▸ **Task instructions**: Your answer must be the exact lines from the one holding "ein Bad mit" through the final line of the records below, both included, and nothing more.

━━━━━━━━━━━━━━━━

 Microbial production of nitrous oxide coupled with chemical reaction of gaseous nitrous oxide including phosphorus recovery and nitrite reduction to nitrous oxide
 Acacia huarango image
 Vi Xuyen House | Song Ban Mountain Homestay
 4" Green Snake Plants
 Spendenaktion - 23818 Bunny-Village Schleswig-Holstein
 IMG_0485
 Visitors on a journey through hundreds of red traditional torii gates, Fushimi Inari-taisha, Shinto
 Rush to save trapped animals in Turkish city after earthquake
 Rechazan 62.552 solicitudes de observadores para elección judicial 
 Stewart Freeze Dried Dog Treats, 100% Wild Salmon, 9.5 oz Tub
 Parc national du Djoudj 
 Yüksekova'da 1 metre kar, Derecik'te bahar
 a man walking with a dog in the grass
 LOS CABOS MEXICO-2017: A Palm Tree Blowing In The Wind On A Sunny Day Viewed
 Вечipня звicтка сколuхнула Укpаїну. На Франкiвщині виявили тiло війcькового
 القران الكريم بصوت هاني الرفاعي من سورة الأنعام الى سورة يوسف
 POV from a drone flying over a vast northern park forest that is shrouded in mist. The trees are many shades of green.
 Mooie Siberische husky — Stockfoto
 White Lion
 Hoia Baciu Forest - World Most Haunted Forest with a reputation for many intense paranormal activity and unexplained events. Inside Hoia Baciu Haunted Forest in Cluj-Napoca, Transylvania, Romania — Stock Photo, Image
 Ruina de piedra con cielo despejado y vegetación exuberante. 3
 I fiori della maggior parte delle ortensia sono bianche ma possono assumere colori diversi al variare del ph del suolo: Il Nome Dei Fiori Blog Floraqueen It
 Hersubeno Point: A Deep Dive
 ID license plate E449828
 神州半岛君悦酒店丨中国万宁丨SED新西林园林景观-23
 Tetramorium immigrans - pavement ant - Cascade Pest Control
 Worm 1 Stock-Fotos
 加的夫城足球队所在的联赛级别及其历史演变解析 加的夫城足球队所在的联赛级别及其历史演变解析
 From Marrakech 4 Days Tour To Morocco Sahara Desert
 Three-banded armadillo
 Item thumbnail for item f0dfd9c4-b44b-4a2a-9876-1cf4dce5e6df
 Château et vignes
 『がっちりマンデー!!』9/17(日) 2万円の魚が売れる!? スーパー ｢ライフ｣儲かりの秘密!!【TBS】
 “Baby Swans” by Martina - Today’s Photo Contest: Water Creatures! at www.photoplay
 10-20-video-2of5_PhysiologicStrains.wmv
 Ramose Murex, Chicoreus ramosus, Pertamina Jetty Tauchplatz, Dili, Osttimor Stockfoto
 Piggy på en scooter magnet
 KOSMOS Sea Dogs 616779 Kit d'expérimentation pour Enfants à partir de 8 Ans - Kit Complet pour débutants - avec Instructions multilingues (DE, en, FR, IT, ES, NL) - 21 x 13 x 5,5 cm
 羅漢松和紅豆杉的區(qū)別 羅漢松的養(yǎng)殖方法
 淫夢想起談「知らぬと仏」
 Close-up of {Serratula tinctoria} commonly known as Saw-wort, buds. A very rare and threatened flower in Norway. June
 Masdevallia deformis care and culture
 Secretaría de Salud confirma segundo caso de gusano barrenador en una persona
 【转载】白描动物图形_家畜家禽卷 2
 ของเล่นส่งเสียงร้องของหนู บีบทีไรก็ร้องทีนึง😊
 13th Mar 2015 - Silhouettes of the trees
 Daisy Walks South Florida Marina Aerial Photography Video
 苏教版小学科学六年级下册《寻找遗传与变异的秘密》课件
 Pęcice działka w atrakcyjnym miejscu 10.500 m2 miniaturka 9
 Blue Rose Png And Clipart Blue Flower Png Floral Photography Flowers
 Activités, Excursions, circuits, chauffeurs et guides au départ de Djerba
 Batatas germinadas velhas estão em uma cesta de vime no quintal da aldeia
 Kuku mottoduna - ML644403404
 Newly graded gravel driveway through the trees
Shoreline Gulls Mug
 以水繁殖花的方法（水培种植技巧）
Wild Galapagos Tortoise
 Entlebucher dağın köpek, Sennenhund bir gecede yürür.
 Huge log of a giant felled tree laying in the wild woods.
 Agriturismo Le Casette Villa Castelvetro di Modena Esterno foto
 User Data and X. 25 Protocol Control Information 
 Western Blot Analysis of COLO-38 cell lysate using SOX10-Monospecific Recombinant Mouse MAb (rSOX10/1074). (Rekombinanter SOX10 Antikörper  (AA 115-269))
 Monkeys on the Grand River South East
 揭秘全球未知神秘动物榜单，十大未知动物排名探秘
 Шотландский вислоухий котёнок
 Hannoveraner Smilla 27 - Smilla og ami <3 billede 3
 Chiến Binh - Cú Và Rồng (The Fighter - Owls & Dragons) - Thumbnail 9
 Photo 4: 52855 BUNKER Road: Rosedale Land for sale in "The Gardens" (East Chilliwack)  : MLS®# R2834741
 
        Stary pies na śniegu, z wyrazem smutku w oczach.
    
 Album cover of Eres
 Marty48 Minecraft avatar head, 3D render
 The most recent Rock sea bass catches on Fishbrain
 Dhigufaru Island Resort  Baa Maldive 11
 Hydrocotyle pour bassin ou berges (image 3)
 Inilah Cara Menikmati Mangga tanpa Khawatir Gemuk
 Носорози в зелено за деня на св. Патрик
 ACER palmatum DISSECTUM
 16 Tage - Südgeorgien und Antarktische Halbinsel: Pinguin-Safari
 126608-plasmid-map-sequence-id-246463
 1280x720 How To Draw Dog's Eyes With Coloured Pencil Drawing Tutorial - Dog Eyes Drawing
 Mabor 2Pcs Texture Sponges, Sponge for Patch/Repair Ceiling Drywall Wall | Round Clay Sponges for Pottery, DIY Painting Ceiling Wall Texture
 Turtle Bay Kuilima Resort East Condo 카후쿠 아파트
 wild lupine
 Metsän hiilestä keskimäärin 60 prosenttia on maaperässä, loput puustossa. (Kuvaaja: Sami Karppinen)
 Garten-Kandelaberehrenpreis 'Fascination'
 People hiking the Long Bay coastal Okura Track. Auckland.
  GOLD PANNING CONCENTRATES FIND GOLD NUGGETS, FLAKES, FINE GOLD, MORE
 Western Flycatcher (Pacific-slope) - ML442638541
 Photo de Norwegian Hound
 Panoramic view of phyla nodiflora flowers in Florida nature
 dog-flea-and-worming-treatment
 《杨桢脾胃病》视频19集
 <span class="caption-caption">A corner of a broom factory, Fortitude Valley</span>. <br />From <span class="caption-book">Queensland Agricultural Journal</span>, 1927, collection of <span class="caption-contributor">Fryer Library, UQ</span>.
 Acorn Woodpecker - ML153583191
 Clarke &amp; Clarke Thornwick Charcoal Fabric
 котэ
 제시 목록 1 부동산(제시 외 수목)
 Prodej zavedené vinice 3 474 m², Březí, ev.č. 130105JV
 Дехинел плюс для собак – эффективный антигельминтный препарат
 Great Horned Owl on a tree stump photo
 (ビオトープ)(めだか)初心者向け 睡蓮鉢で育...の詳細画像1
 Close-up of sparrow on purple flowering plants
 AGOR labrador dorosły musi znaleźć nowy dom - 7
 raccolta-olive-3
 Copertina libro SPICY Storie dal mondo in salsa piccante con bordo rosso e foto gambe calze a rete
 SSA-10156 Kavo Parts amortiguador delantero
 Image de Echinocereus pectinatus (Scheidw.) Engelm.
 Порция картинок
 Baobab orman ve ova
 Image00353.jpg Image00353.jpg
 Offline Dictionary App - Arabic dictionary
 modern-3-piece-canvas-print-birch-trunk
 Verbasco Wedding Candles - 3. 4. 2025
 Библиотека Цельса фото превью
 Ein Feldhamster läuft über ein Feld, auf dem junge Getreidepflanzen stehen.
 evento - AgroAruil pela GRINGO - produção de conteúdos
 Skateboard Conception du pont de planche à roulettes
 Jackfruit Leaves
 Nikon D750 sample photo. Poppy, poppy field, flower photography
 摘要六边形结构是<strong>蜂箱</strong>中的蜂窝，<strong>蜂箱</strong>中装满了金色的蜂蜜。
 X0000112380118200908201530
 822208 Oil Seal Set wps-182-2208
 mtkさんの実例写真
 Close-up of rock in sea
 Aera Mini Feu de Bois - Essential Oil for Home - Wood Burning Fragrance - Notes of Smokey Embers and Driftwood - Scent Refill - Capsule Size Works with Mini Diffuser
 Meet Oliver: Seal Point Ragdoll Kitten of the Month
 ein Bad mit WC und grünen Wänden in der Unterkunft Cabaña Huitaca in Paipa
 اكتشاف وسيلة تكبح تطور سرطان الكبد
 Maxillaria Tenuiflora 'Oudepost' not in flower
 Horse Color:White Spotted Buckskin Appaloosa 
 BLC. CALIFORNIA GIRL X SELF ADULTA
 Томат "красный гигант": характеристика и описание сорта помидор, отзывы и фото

━━━━━━━━━━━━━━━━

▸ **Task solution**:
 ein Bad mit WC und grünen Wänden in der Unterkunft Cabaña Huitaca in Paipa
 اكتشاف وسيلة تكبح تطور سرطان الكبد
 Maxillaria Tenuiflora 'Oudepost' not in flower
 Horse Color:White Spotted Buckskin Appaloosa 
 BLC. CALIFORNIA GIRL X SELF ADULTA
 Томат "красный гигант": характеристика и описание сорта помидор, отзывы и фото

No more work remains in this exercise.